On the AER Stereo-Vision Processing: A Spike Approach to Epipolar Matching

Image processing in digital computer systems usually considers visual information as a sequence of frames. These frames are from cameras that capture reality for a short period of time. They are renewed and transmitted at a rate of 25-30 fps (typical real-time scenario). Digital video processing has to process each frame in order to detect a feature on the input. In stereo vision, existing algorithms use frames from two digital cameras and process them pixel by pixel until it finds a pattern match in a section of both stereo frames. To process stereo vision information, an image matching process is essential, but it needs very high computational cost. Moreover, as more information is processed, the more time spent by the matching algorithm, the more inefficient it is. Spike-based processing is a relatively new approach that implements processing by manipulating spikes one by one at the time they are transmitted, like a human brain. The mammal nervous system is able to solve much more complex problems, such as visual recognition by manipulating neuron's spikes.

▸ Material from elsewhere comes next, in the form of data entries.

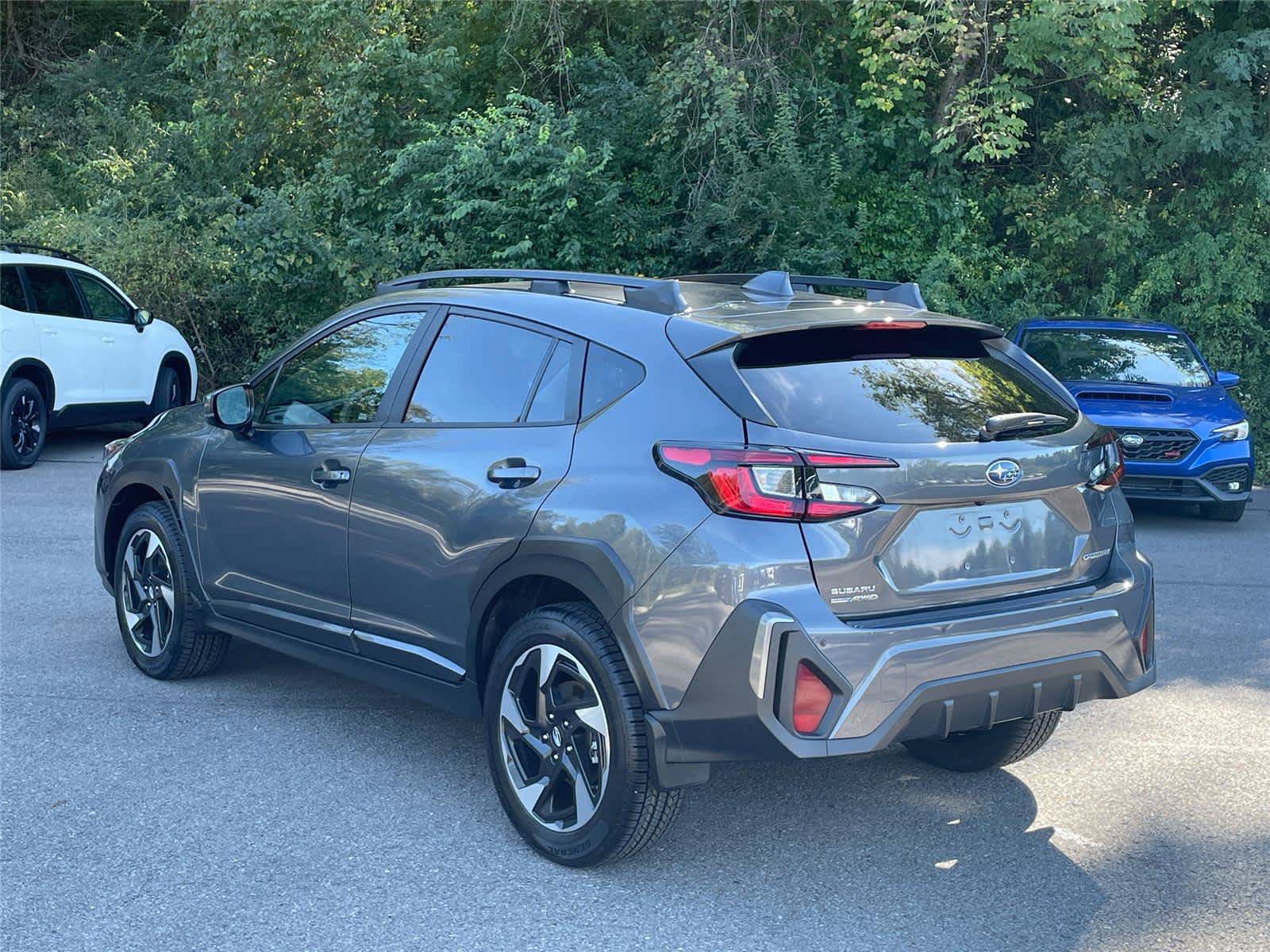 Certified 2024 Subaru Crosstrek 2.5i Limited AWD/4WD image 3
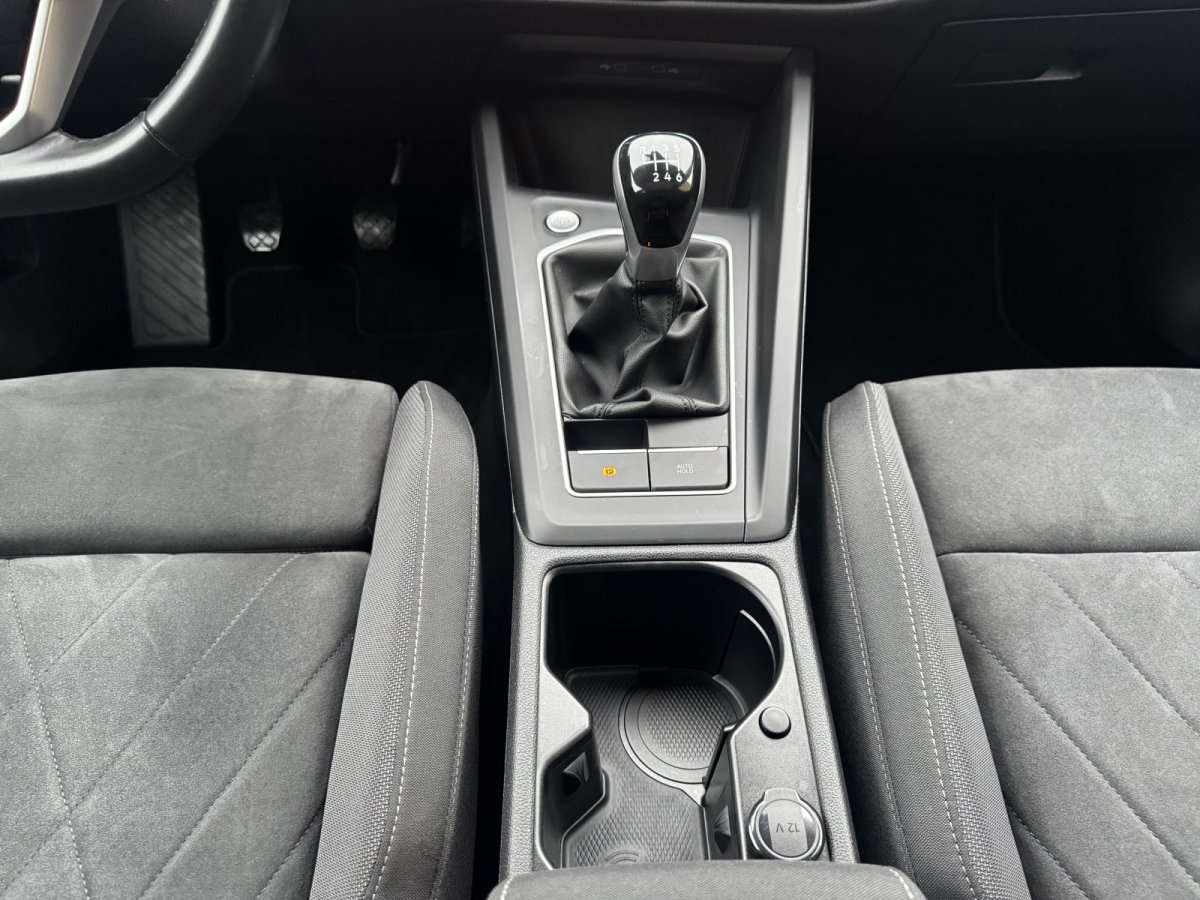 Fahrzeugbild eines Volkswagen Golf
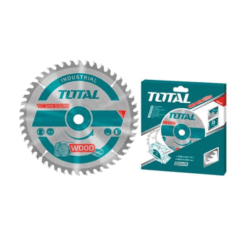 TOTAL - PANZA FERASTRAU TCT PENTRU LEMN - 160X20MM(INDUSTRIAL)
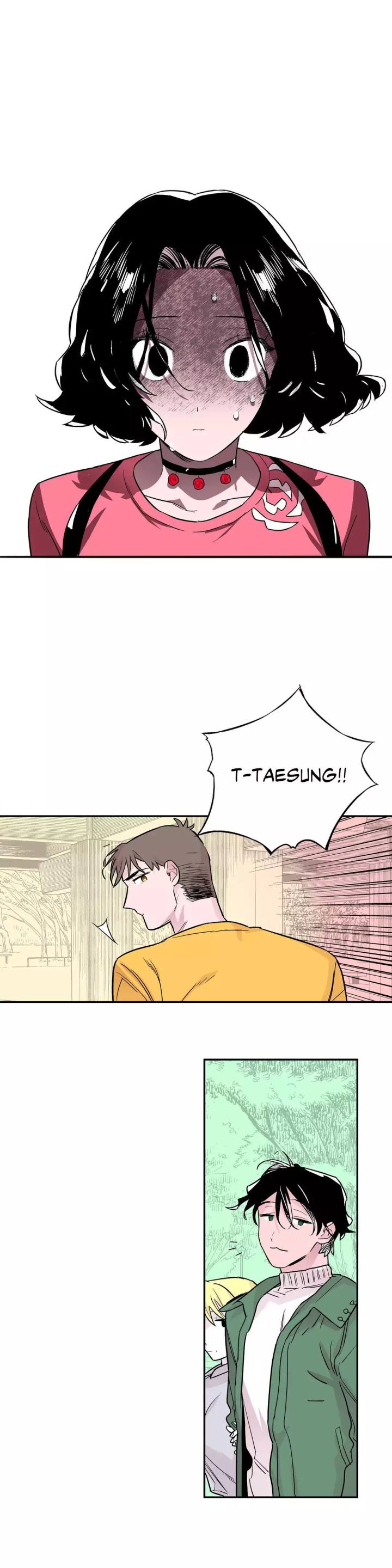 Vanishing Twin Chapter 49 Page 17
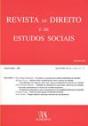 Revista de Direito e de Estudos Sociais - Nºs 1-2 - Preview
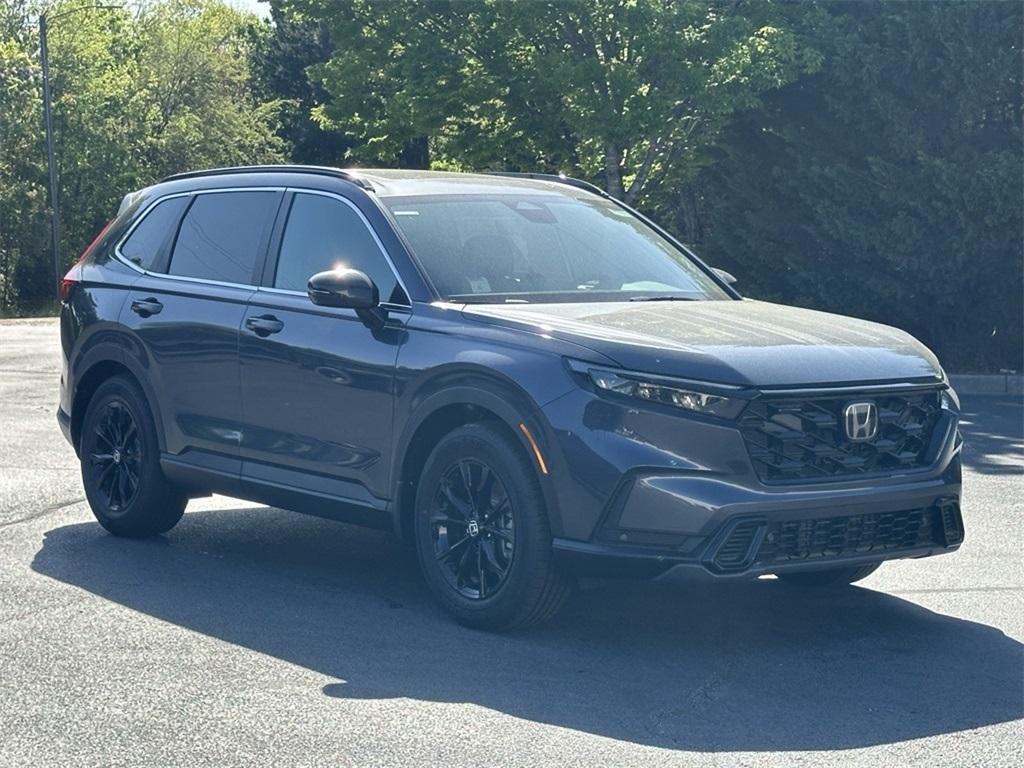 new 2025 Honda CR-V Hybrid car, priced at $36,045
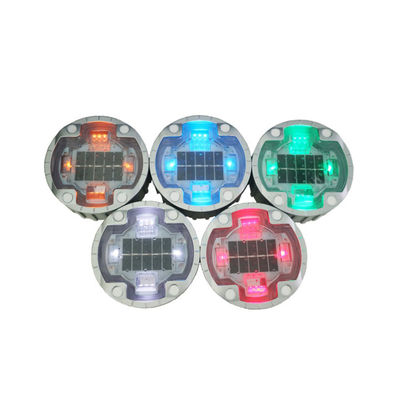 30T 알루미늄 LED 태양 전지 도로 스탠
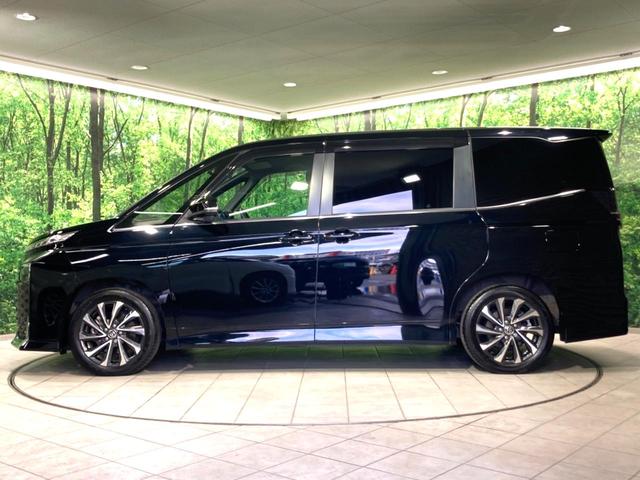 ヴォクシー S-Z 純正10.5型DA 両側電動ドア バックカメラ 衝突軽減 レーダークルーズ 禁煙車 ハーフレザー ドラレコ コーナーセンサー スマートキー LEDヘッド ETC2.0 オートハイビーム 車線逸脱警報(26枚目)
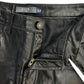 GAP Leather Pants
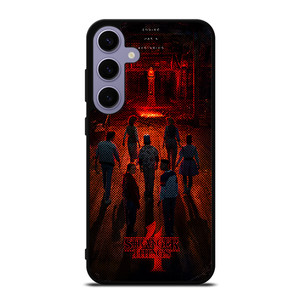 STRANGER THINGS 4 2 Samsung Galaxy S24 Plus Case Cover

The spike-based philosophy for visual information processing based on the neuro-inspired Address-Event- Representation (AER) is achieving nowadays very high performances. The aim of this work is to study the viability of a matching mechanism in a stereo-vision system, using AER codification. This kind of mechanism has not been done before to an AER system. To do that, epipolar geometry basis applied to AER system are studied, and several tests are run, using recorded data and a computer. The results and an average error are shown (error less than 2 pixels per point); and the viability is proved.